You get to sit and watch people dance

Sometimes it feels good to take a break from all those yackety plays and just sit down and watch people move around.

Women are in the spotlight in many of the Fringe’s dance shows. Fracture (from July 5 at the Randolph), by the Good Women Dance Collective, explores women disconnecting and reconnecting, while Hanna Kent’s Piece Of Mind (from Wednesday, July 3, at Robert Gill) looks at women and extreme states.

A couple of shows draw on urban issues. Emily Law and Ashley Perez’s Jack Your Body (from July 5 at the Randolph) looks at voguing and other underground social dances popular from the 1970s through 90s, while Twisted Beats & Circus Feats (from July 4 at the Annex Theatre) adds acrobatics, hip-hop and contortionism to the story of a clown who falls in love with a ballerina.
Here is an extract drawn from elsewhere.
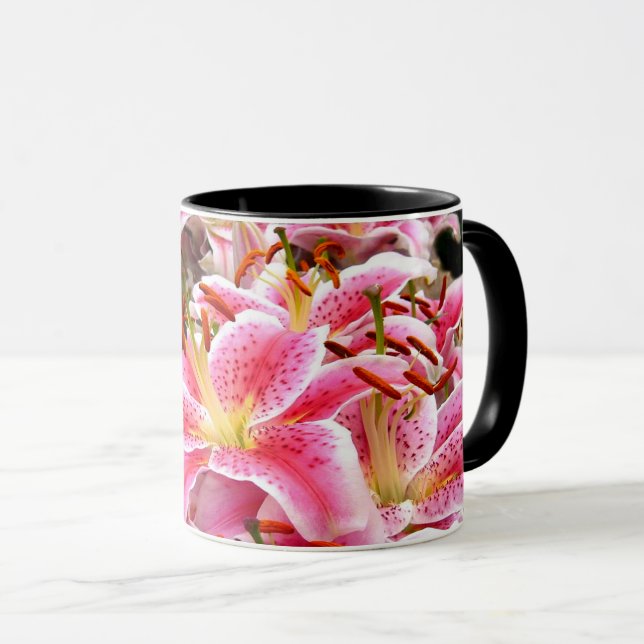 Caneca Lírios de Stargazer Rosa (Frente Esquerda)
Fans of multicultural dance will want to see A Glance At Chinese Performing Arts (from Wednesday, July 3 at the Tarragon Mainspace), which uses movement to portray the 56 ethnic groups in China, and Paromita Kar brings her training in classical Indian dance to Corpus Matris (from Wednesday, July 3 at Passe Muraille Mainspace).

If you’re new to dance, a good place to begin might be O(h) (from July 5 at Helen Gardiner Phelan), Liz Casebolt and Joel Smith’s show about the process of making a dance piece, including choosing the music, drawing on the work of other choreographers and arguing.